Section 282 of the Penal Code applicable in the Northern Nigeria equally prohibits rape, but limits the scope of consent to the absolute absence of consent and consent obtained by the threat of death or harm. There is a plethora of State criminal laws across the Federation, prohibiting and prescribing punishments for the offence of rape. The Violence Against Persons Act which expands the scope of sexual offences to include men and married women, prescribes life imprisonment as punishment upon conviction. The law seems clear, but the presence of impunity is clearer.

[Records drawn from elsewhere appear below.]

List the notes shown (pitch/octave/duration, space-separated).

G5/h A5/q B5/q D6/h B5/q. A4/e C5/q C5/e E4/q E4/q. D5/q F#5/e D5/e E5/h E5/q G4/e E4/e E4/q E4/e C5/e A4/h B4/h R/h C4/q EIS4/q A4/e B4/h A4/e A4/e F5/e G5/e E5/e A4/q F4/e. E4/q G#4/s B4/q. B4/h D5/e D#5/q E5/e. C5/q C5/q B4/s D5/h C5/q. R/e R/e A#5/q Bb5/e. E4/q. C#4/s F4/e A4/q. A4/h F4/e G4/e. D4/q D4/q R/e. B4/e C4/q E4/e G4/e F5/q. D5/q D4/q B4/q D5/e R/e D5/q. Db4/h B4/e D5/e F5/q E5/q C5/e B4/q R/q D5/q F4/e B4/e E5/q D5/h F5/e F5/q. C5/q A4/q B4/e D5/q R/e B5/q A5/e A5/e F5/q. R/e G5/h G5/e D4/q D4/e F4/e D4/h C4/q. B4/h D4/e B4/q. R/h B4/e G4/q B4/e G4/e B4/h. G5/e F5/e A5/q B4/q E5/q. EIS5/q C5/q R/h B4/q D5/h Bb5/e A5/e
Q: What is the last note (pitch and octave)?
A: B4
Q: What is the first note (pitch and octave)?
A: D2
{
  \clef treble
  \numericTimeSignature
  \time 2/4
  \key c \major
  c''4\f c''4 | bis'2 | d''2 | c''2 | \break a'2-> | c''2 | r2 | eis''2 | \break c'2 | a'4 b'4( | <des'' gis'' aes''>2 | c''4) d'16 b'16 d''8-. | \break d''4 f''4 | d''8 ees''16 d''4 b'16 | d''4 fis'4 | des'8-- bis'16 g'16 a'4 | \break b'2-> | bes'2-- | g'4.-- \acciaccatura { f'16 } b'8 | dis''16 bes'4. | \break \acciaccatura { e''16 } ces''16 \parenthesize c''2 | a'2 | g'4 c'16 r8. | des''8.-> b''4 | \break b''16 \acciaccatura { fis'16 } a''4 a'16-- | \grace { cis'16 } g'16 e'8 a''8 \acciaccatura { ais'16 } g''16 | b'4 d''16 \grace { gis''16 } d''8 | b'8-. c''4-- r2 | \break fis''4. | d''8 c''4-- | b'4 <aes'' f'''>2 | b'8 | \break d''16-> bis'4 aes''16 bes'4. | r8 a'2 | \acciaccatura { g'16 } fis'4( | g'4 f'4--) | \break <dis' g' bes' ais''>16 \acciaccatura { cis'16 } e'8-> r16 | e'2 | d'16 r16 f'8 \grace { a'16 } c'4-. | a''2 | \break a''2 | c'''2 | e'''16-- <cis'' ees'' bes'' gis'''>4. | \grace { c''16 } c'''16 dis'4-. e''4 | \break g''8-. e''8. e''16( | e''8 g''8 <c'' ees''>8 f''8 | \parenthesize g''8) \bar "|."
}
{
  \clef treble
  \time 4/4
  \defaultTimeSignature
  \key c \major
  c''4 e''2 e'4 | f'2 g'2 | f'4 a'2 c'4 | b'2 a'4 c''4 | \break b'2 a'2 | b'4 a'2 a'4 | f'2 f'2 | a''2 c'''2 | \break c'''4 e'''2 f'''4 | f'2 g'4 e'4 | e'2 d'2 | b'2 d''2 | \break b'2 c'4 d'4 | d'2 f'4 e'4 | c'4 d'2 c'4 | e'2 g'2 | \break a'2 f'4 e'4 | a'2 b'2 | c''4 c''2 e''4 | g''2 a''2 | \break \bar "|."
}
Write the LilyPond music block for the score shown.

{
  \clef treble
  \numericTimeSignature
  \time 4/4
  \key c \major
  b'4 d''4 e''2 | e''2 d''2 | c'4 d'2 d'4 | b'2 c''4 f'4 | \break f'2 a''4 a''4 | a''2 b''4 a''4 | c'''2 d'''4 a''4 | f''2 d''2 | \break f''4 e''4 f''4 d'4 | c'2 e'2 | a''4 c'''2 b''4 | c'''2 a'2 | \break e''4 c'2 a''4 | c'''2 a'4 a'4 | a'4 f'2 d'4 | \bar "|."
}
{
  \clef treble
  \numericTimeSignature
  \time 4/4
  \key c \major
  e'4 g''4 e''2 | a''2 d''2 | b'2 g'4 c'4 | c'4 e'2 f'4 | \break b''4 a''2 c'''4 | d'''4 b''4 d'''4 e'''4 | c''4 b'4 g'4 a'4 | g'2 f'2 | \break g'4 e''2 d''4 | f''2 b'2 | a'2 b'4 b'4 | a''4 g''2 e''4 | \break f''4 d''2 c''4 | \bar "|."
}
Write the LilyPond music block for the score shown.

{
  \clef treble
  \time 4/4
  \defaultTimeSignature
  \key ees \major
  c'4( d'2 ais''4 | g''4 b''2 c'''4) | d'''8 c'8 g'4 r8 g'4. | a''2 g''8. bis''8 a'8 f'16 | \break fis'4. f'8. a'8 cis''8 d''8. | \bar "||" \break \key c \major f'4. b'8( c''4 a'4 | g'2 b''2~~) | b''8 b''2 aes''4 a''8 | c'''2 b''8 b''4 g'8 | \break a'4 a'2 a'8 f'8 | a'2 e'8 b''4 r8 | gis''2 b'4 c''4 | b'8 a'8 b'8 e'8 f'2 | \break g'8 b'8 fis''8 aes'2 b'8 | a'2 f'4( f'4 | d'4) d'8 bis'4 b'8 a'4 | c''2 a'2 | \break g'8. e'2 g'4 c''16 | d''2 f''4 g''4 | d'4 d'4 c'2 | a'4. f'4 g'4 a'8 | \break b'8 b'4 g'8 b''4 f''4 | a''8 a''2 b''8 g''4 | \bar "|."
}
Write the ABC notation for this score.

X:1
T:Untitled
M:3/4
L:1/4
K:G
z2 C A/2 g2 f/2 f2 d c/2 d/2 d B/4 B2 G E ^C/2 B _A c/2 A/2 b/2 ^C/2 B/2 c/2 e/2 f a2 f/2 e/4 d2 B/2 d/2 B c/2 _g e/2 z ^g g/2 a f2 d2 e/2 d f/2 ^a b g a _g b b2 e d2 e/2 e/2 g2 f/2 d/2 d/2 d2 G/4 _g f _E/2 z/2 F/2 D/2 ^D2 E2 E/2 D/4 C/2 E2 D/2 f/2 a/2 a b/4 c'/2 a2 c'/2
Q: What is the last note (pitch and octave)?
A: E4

Impunity is fuelled by a failing criminal justice system, in tandem with social and economic inequalities. The lack of data on sexual violence and sexual offenders in Nigeria, makes it almost impossible to assess the level of impunity caused by the criminal justice system. However, recent records shows that, there have only been about a paltry 65 rape convictions in the Nigerian courts between 1973 and 2019.

The juxtaposition of this number with the number of reported cases, over 700 reported cases in the last five months, is a cause for alarm. In addition to a failing criminal justice system, inequalities both in rights and socio-economic access, continue to afford perpetrators with economic and social privileges to intimidate and silence victims of rape many times, using the Nigerian Police. In a system where inequalities are deeply entrenched and justice is but an illusion, the further intimidation and re-traumatisation of victims of sexual violence by perpetrators and the justice system, is only a symptom.